Today the Supreme Court heard oral arguments on what many consider to be a pivotal case in civil rights law. The case is Spector vs. Norwegian Cruise Line, 03-1388. The question at issue is: Are foreign-flagged cruise ships that dock in the US subject to the provisions of the ADA?
Of course this isn’t the first time the issue has been brought before a judge. In fact, two lower court rulings on this subject conflict with one another. The 5th U.S. Circuit Court of Appeals says no to the question at hand, while the 11th U.S. Circuit Court of Appeals says yes. Additionally the DOJ chimes in with an affirmative answer. So in a sense it will be good to get a final answer from the High Court.
What will the Supremes say?
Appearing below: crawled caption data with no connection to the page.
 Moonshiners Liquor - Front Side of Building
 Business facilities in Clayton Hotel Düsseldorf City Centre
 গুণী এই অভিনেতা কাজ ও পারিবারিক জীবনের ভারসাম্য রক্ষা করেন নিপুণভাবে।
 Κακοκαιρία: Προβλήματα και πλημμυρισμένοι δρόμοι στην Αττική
Well, it’s anybody’s guess, but here’s where some of the players stand.
Justice Ginsburg implied that it’s rather ethnocentric to assume that US laws should be applied around the world.
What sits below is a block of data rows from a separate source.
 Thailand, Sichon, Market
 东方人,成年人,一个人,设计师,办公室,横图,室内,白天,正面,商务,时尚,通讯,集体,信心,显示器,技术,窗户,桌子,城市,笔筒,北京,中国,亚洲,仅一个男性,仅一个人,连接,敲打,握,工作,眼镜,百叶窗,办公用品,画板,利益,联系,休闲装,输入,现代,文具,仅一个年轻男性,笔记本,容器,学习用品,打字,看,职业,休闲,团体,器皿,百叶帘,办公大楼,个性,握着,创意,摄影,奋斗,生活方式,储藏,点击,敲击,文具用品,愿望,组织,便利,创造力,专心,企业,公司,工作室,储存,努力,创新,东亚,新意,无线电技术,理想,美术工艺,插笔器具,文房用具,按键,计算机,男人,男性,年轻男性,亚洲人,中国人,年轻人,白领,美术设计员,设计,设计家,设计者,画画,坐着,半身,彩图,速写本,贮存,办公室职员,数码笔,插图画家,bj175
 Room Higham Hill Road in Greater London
Justice Scalia indicated that a ruling in favor of Spector would broaden the ADA beyond what he considers the original intent of congress.
And finally, Justice Breyer noted that the cost of compliance to such a law would far outweigh the benefits in most cases.
Attorney David Frederick (who represents NCL), also argued that if the ADA was found to apply to foreign-flagged vessels, then other U.S. laws concerning consumer product safety and worker safety might also apply to these ships. Indeed it could open up a big can of worms.
On the other hand, several justices seemed concerned that if foreign-flagged vessels were found to be exempt form the ADA, then they would also be exempt from other US civil rights laws.
And of course since the US Access Board doesn’t have any architectural guidelines for cruise ships yet, even if the Supremes rule if favor of Spector, it will still be a long time before the standards are set and enforced.
On the plus side, many cruise lines have already voluntarily added access features to their vessels. I’d like to think this trend will continue, regardless of the ruling.